Hazel Atlas made jars for so many things in the depression era, but I don't think that one has anything to do with lighting. It may be a piece of laboratory equipment.


----------



## MDShunk (Jan 7, 2007)

Post your question at www.antiquesockets.com If it has anything to do with lighting, they'll know.


----------



## racerjim0 (Aug 10, 2008)

Float for a sump pump---maybe


----------



## dmxtothemax (Jun 15, 2010)

Could it be part of a high voltage fuse ?
Like the ones used up on power poles.


----------



## RePhase277 (Feb 5, 2008)

If I caught my friend excavating my wife's "basement", that would be the thing I bludgeoned them to death with:laughing:


----------



## tufts46argled (Dec 23, 2007)

My first thought was some type of mercury switch!


----------



## erics37 (May 7, 2009)

Looks like a 1930s dual butt plug.


----------



## MDShunk (Jan 7, 2007)

erics37 said:


> Looks like a 1930s dual butt plug.


Doubtful, but I'm no authority. We'll have to ask someone who was alive back then. 

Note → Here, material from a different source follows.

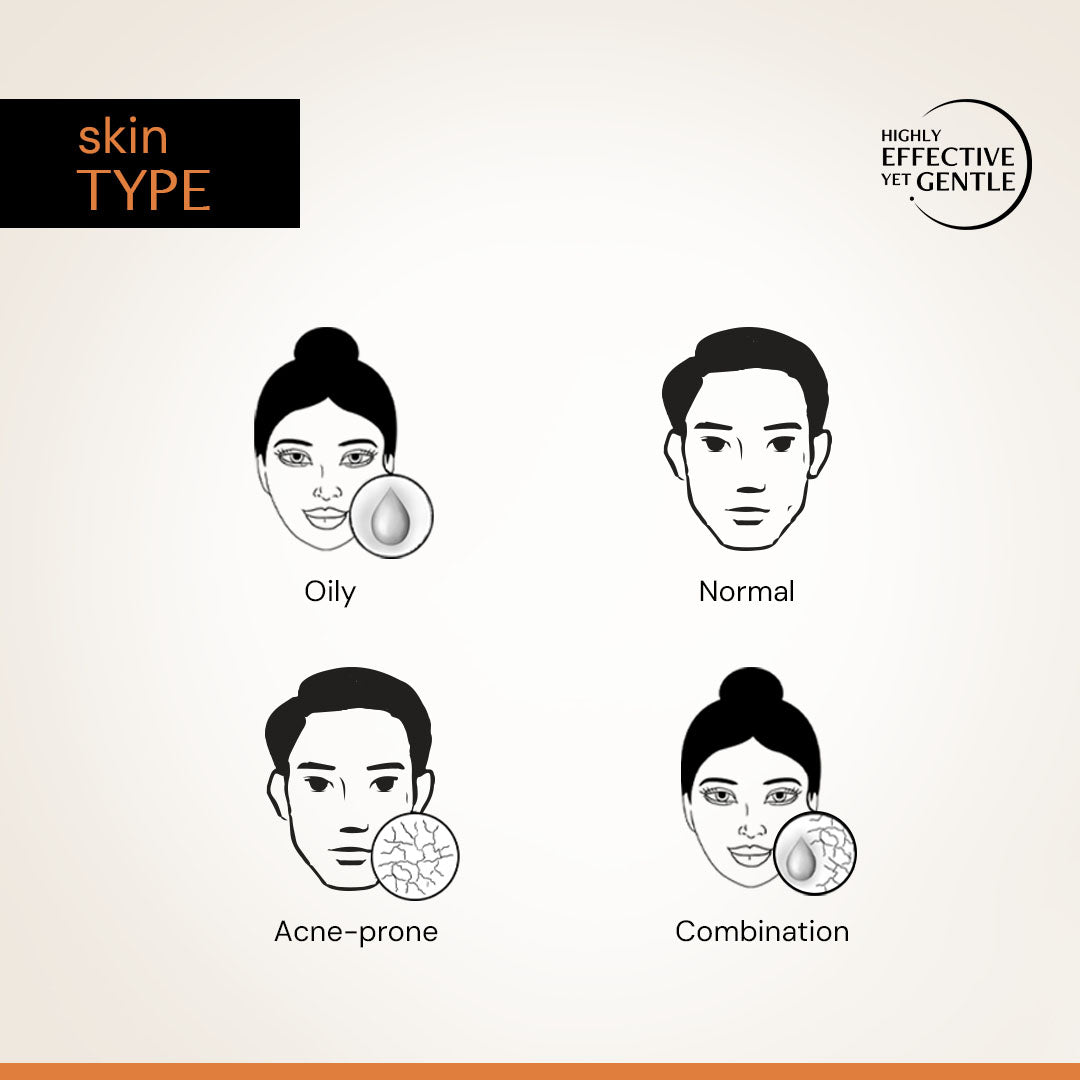 5% Vitamin C Gel Sunscreen for Oily Skin - SPF 50 PA++++ | Brightens skin tone | Photostable Sunscreen with 4 New Gen UV Filters | Long Lasting | Lightweight | In-Vivo Tested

Joe Tedesco, can you confirm or deny if this is a dual butt plug?


----------



## BBQ (Nov 16, 2010)

MDShunk said:


> Doubtful, but I'm no authority. We'll have to ask someone who was alive back then.
> 
> Joe Tedesco, can you confirm or deny if this is a dual butt plug?

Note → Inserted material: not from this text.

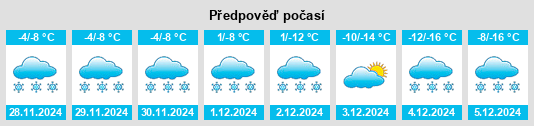 Výhled počasí pro místo Tongfosi na Slunečno.cz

Damn near choked on my coffee ... :laughing:


----------



## HARRY304E (Sep 15, 2010)

MDShunk said:


> Doubtful, but I'm no authority. We'll have to ask someone who was alive back then.
> 
> Joe Tedesco, can you confirm or deny if this is a dual butt plug?


Good one....:laughing::laughing:


----------



## Wirenuting (Sep 12, 2010)

erics37 said:


> Looks like a 1930s dual butt plug.


I wasn't going to be the one to say that,,, But,, it looks like what a Dr used back then to treat female histeria.


----------